PostgreSQL – Create Array from Multiple Columns Without NULLs

arrayjsonpostgresqlpostgresql-9.4

I'm trying to build a query to aggregate together multiple columns in a legacy table stored in a similar structure as below:

CREATE TEMPORARY TABLE foo AS
SELECT * FROM ( VALUES
  (1,'Router','Networking','Sale',NULL),
  (2,NULL,'Router','Networking','Sale'),
  (3,NULL,NULL,'Networking','Sale'),
  (4,NULL,NULL,NULL,NULL)
) AS t(id,tag_1,tag_2,tag_3,tag_4);

An example of NOT WHAT I WANT

This is an example of the query I want to build:

SELECT ID, json_build_array(Tag_1, Tag_2, Tag_3, Tag_4) AS tags
FROM table

The problem is that the above query adds the NULL values from the rows to the array:

ID  Tags
--------------------------------------------------
1   ['Router', 'Networking', 'Sale', null]
2   [null, 'Router', 'Networking', 'Sale']
3   [null, null, 'Networking', 'Sale']
4   [null, null, null, null]

I want to avoid having to write an overly complicated CASE WHEN statement to filter out the NULLs and I'm still new to working PostgreSQL's JSON datatypes. Is there anyway I can avoid including NULLs when building a JSON array in Postgres?

Best Answer

I would suggest not using a JSON array, and instead using the native SQL array syntax which is likely much faster and more efficiently stored. It's also stronger typed. The JSON array is "possibly-heterogeneously-typed" per the docs.

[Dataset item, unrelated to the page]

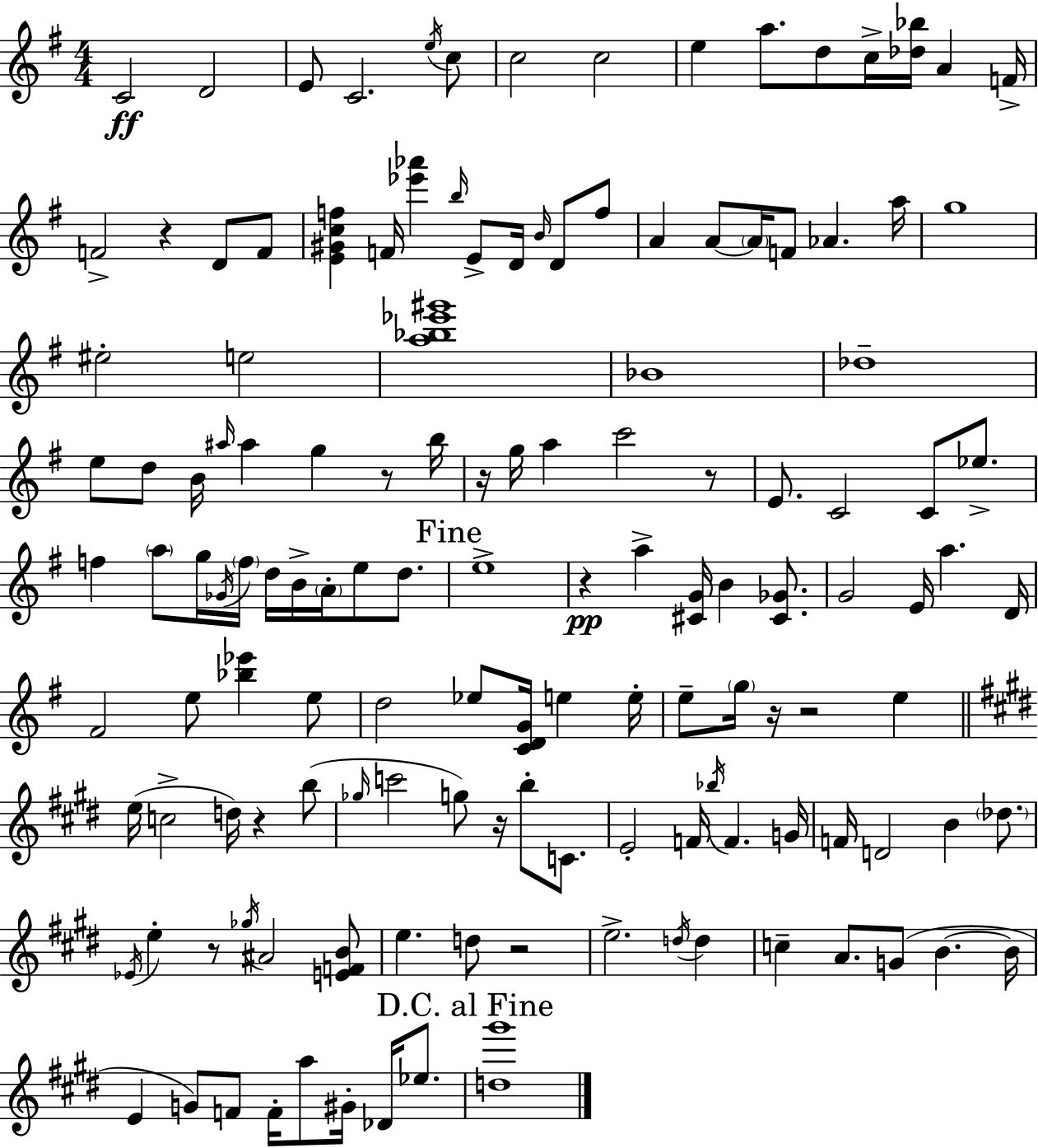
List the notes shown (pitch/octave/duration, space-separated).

C4/h D4/h E4/e C4/h. E5/s C5/e C5/h C5/h E5/q A5/e. D5/e C5/s [Db5,Bb5]/s A4/q F4/s F4/h R/q D4/e F4/e [E4,G#4,C5,F5]/q F4/s [Eb6,Ab6]/q B5/s E4/e D4/s B4/s D4/e F5/e A4/q A4/e A4/s F4/e Ab4/q. A5/s G5/w EIS5/h E5/h [A5,Bb5,Eb6,G#6]/w Bb4/w Db5/w E5/e D5/e B4/s A#5/s A#5/q G5/q R/e B5/s R/s G5/s A5/q C6/h R/e E4/e. C4/h C4/e Eb5/e. F5/q A5/e G5/s Gb4/s F5/s D5/s B4/s A4/s E5/e D5/e. E5/w R/q A5/q [C#4,G4]/s B4/q [C#4,Gb4]/e. G4/h E4/s A5/q. D4/s F#4/h E5/e [Bb5,Eb6]/q E5/e D5/h Eb5/e [C4,D4,G4]/s E5/q E5/s E5/e G5/s R/s R/h E5/q E5/s C5/h D5/s R/q B5/e Gb5/s C6/h G5/e R/s B5/e C4/e. E4/h F4/s Bb5/s F4/q. G4/s F4/s D4/h B4/q Db5/e. Eb4/s E5/q R/e Gb5/s A#4/h [E4,F4,B4]/e E5/q. D5/e R/h E5/h. D5/s D5/q C5/q A4/e. G4/e B4/q. B4/s E4/q G4/e F4/e F4/s A5/e G#4/s Db4/s Eb5/e. [D5,G#6]/w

I also wouldn't do this routinely. I would alter the table's schema to have an ARRAY (preferably SQL) on the table itself to store the tags without ever storing null in columns. This can put you down the path of correcting the schema.

Building arrays

Strictly-typed PostgreSQL array

Just use the ARRAY literal constructor.

 SELECT id, ARRAY[tag_1,tag_2,tag_3,tag_4] FROM foo;
 id |             array             
----+-------------------------------
  1 | {Router,Networking,Sale,NULL}
  2 | {NULL,Router,Networking,Sale}
  3 | {NULL,NULL,Networking,Sale}
  4 | {NULL,NULL,NULL,NULL}

A JSON array

SELECT id, json_build_array(tag_1,tag_2,tag_3,tag_4) FROM foo;
 id |            json_build_array            
----+----------------------------------------
  1 | ["Router", "Networking", "Sale", null]
  2 | [null, "Router", "Networking", "Sale"]
  3 | [null, null, "Networking", "Sale"]
  4 | [null, null, null, null]
(4 rows)

Filtering Nulls without manual coalesce

Strictly-typed PostgreSQL array

You can easily filter nulls in a single pass by wrapping the above in array_remove.

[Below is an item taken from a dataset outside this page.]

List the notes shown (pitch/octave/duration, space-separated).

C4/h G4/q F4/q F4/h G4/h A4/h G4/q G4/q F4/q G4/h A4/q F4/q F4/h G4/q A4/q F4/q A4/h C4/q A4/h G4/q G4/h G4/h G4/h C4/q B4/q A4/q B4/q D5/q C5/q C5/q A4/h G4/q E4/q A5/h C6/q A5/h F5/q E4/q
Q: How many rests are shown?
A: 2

SELECT id, array_remove(ARRAY[tag_1,tag_2,tag_3,tag_4], null)
FROM foo;

 id |       array_remove       
----+--------------------------
  1 | {Router,Networking,Sale}
  2 | {Router,Networking,Sale}
  3 | {Networking,Sale}
  4 | {}

JSON array

SELECT id,jsonb_agg(elem)
FROM (SELECT id, ARRAY[tag_1,tag_2,tag_3,tag_4] FROM foo) AS g
CROSS JOIN LATERAL unnest(g.array)
  WITH ORDINALITY AS t(elem,ord)
WHERE elem IS NOT NULL
GROUP BY id
ORDER BY id;

 id |            jsonb_agg             
----+----------------------------------
  1 | ["Router", "Networking", "Sale"]
  2 | ["Router", "Networking", "Sale"]
  3 | ["Networking", "Sale"]